The schools are closed again today because it was cold this morning.  Not fifty below zero.  Not thirty below.  Not twenty below with gusts of wind at twenty miles an hour.  It was five below for a few minutes around four a.m.  By eight a.m. it was maybe three below.  No wind. No snow coming down.  Just a bit cold.  Schools?  Closed.  Local TV was ranting about the wind chills, non existent as they were, and how bitter it was outside.   So.  Schools hold classes I N S I D E. 


Were the area's school furnaces all broken?  Of course not.  Were all the area's water pipes broken or frozen?  No way.  Do kids have to walk for miles to get to school?  Hell no.  Buses stop at every driveway for God's sake.  This is at least the second and perhaps the third day in January the schools have been closed because it's cold O U T S I D E.


My roots are in Sault Ste. Marie, Michigan.  It's on the border of  Canada in Michigan's upper peninsula.  The weather there over the past week was like this:



Hi
Low
Mean
01/20/14
5
-8
-1
21-Jan-14
0
-18
-9
22-Jan-14
5
-5
0
23-Jan-14
5
-13
-4
24-Jan-14
17
-13
2
25-Jan-14
19
-4
8
26-Jan-14
5
-14
-4
27-Jan-14
4
-11
-3
28-Jan-14
1
-11
-6


Were schools closed there?  Heck no.  If you ride a bus to a Soo school, then you get out of bed, put on your boots, hat, gloves and jacket and go to your bus stop.  You huddle like penguins with your bus mates, shifting the windward person every once in while, but all generally standing in a little group until the bus arrives.  From a distance it probably looks a lot like a flock of mismatched penguins. 


If you are an adult living in the Soo, and you drive, then you get out of bed, put on your boots, hat, gloves and jacket, and then go outside to start your vehicle to let it warm while you take a shower and have some coffee.  Then you go about your day.  Cold is not a detriment to a clothed and dry human being.


Nothing stops in the Soo or really anywhere else because it's cold.  This Ohio and Kentucky bred willingness to do nothing because it's uncomfortable or anything other than sunny, warm and clear outside breaks my heart.  Kids aren't going to freeze walking from their bus to the school.  Our smog filled summer days are far more dangerous to all people than a little cold is to our children. 

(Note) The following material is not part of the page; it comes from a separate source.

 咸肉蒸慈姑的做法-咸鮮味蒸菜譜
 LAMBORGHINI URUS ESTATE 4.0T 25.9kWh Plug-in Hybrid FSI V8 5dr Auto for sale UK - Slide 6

My children and most others in this area either get dropped at the door of their school or are walking less than a mile.  Even if a kid was bare footed and jacketless running through the snow and cold, they would be able to get from car or bus to school without injury.  They may even experience exhilaration and joy at overcoming what the school system says is a "calamity." 


This forced societal softening of fortitude, this new rule of comfort at all costs, is ruining our children and their parents.  This year school is closed because it's just  a few degrees below zero.  Next year is it closed because it's below ten degrees?  Or because it's raining? 


Our school officials are forcing students and families to take an unacceptable path to weakness and fear.  A path that only is open when there is no risk or discomfort or hint of effort.  Kids want the risk.  They like the challenge.  It's time to reflect on the error of this new trend, and return to some grit, some self sufficiency and some effort.  No more calamity days because it's cold.  If the furnace is working, then to school they go.